§ Work instructions
Shown below is a listing with pictures; reproduce exactly, and only, the lines between the ones containing "Understanding the Different" and "بهترین روش سنگ شکن کلیه", inclusive, leaving the pictures out.

───── Exercise data

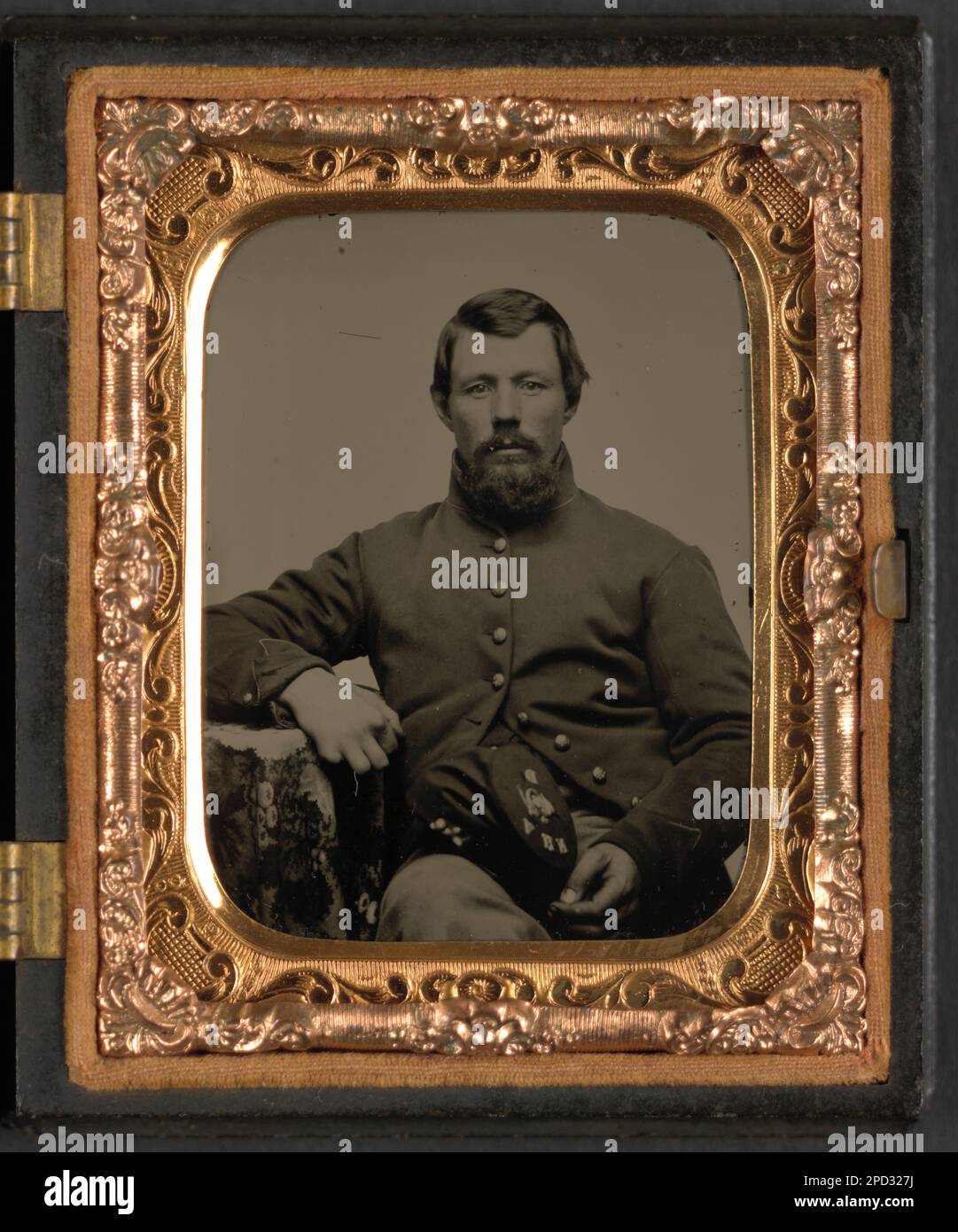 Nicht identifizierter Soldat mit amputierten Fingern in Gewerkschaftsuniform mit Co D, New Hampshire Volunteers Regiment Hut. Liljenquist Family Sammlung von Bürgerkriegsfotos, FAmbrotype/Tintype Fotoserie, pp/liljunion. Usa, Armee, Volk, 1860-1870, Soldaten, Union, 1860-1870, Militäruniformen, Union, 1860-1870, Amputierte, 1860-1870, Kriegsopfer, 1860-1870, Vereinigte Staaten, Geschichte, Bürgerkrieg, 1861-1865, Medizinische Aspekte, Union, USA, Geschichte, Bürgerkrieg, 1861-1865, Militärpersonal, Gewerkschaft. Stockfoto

──────────
───── Exercise data

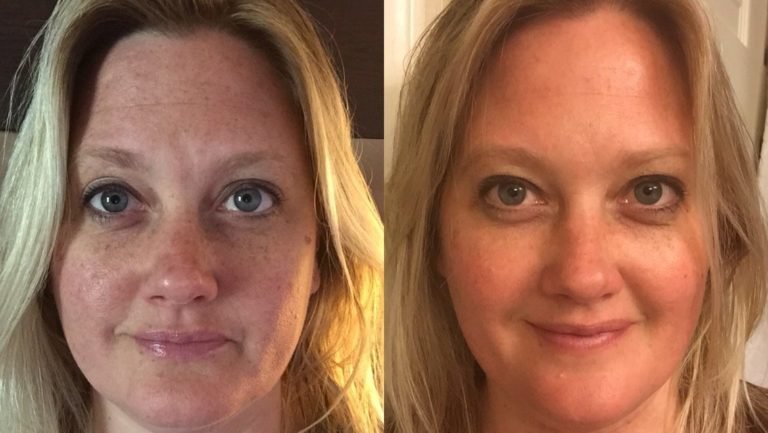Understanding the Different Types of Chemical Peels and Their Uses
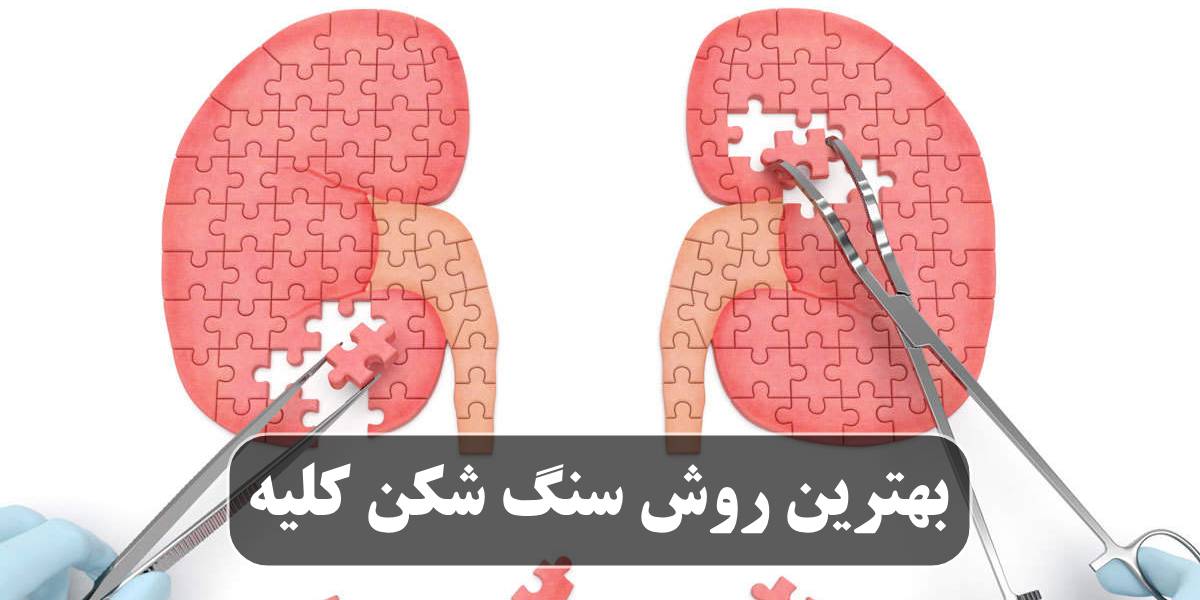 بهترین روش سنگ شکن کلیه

──────────
───── Exercise data

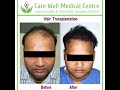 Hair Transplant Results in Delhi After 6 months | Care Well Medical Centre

──────────

§ Solved problem
Understanding the Different Types of Chemical Peels and Their Uses
 بهترین روش سنگ شکن کلیه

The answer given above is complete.